We are looking for devices which could be easily modified into our prototype soundbox at the moment.
The device has to be capable of both recording and playing back a small selection of sounds. It has to be portable, and operate with as few controls as possible.
Previous work in this area used dictaphones, which are quite expensive, but provide very good sound quality. They don’t generally have a playback function, as they are intended to be connected to a computer for download and editing.
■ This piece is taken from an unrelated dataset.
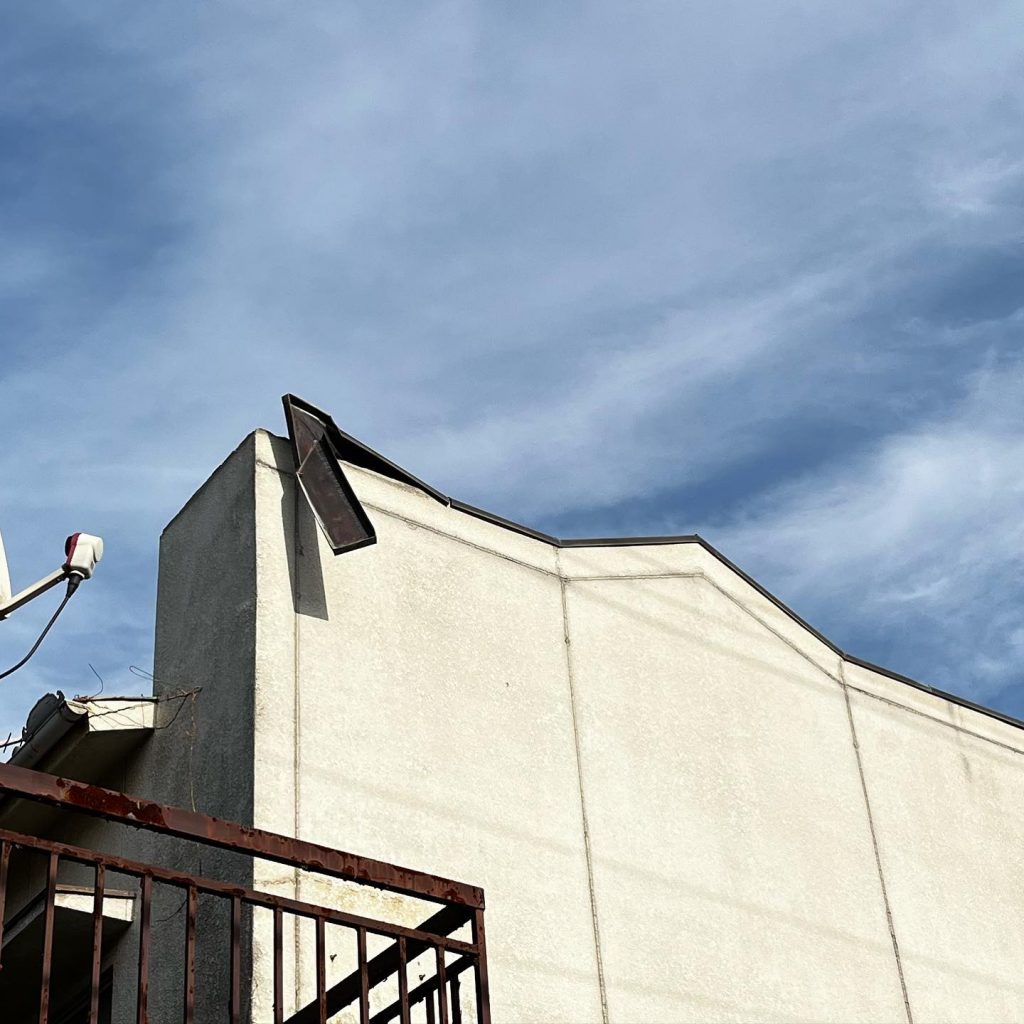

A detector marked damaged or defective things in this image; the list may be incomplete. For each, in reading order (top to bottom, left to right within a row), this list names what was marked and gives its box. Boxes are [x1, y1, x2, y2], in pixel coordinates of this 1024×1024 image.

rusty metal railing [0, 760, 492, 1024] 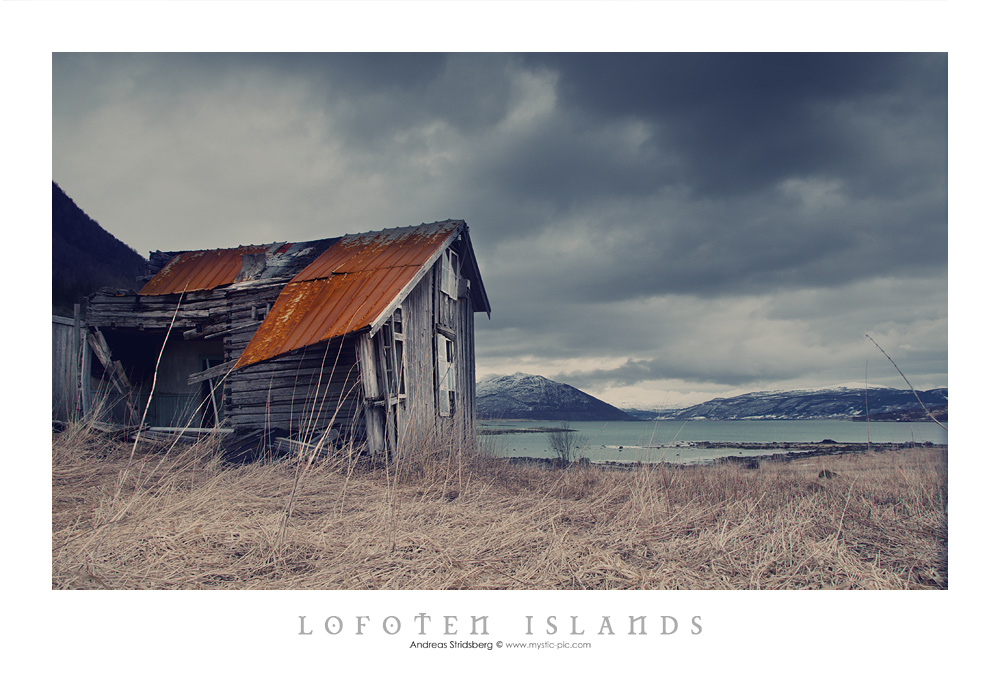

This is a step which we would like to avoid with our device.
There are a multitude of cheap MP3 players on the market at the moment which are able to record and play back in a few formats, such as .WAV or .MP3. One of these has been disassembled for study:
It runs (or ran, rather- the battery leads snapped off during testing) on a small lithium-polymer battery, and is controlled through a small LCD screen by five pushbuttons on the front. It has a 3.5mm jack for headphones, and a mini-USB socket which can be connected to a computer to modify the contents of its memory, and to recharge the battery.
It is small enough to be easily inserted into a handheld case, and is definitely capable of recording multiple short audio clips onto its 4GB of flash memory.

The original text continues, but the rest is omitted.